А я шестой год в одном пальто. А климат — космический, сначала был Урал, а теперь Город, а все вместе — дышать нечем, в носу сыро и сверху — минус тридцать. Меха. Ха-ха.
Вяжу, конечно, но решила: накоплю на год счастья. Чтоб как человек. Чтоб чего хочется — не торгуясь. Пять сот? Пожалуйста! И чтоб вынимаю руку и без запинки — маникюр. Эрих Мария, мои ж ногти видеть надо! Три тыщи бегоний за день, землю под них шкурой своей, как плугом, рыхлю… Маникюр, и чтоб весь год! А если работать — в библиотеке, там книжек досыта и горшков мало, тихая пыль и нечитанное пахнет, я картонки между делом перебираю, а пальчики ровные, чистые, ногти один к одному, и все близнецы, и вижу: Эрих Мария, да я же женщина!
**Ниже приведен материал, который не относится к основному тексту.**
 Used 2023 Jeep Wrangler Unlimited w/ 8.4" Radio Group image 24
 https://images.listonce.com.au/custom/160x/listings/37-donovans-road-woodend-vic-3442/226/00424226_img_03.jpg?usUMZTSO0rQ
А кончится мой год, ни о чем не жалеть — и ты был человеком. Главное, что был. Жил без унижений триста шестьдесят пять дней. Или шестьдесят шесть, если високосный.
Вдоль горшков постановили: квартира есть — значит, счастливая, свой квадратный метр нужнее миллиона в кармане. Решили — обязали: живешь, как у Христа за пазухой. А мне по дороге — холод и немота, и вокруг только Город, и всплывает, Эрих Мария, как в твоей книжке, тоска из-под стен, и пухнет и растет, ползет по крышам, прилипает к дождям и смогу, взрывает небо, и тебя разносит в клочья, и только по боли догадываешься, что живой и теплый, и может еще стрястись счастье. И я и жду.
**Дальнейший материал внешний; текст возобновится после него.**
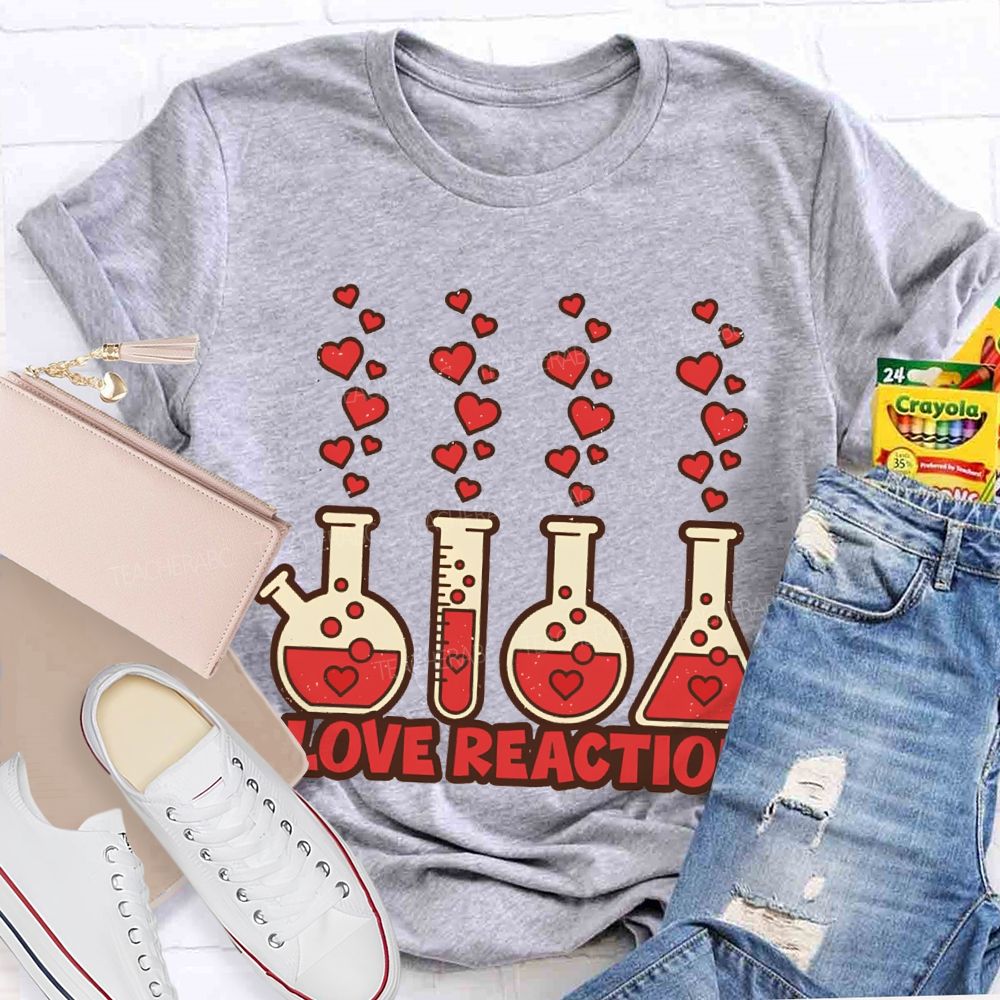 Love Reaction Hearts And Reagent Bottles Science Teacher T-shirt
И я иду через изобилие, пусть чужое, но я иду искренне, нравится и чужое, приятно хотя бы смотреть — все равно что-то имеешь. Иногда продают настоящее, прибалты продают, а что настоящее — сразу видно, потому что не для тебя, и от этого больно, и все смотрят, все спрашивают и никто не берет, прибалты презирают на своем языке, а я понимаю на своем: их удивляет Город, в котором видят настоящее и себе его не хотят. Я тоже, как все, мимо, и заставляю себя вспоминать: уже два месяца как квартира; что выживу; что у Христа за пазухой. Правда, как до этого было и как потом, что одна осталась и как хоронила — лучше не вспоминать совсем.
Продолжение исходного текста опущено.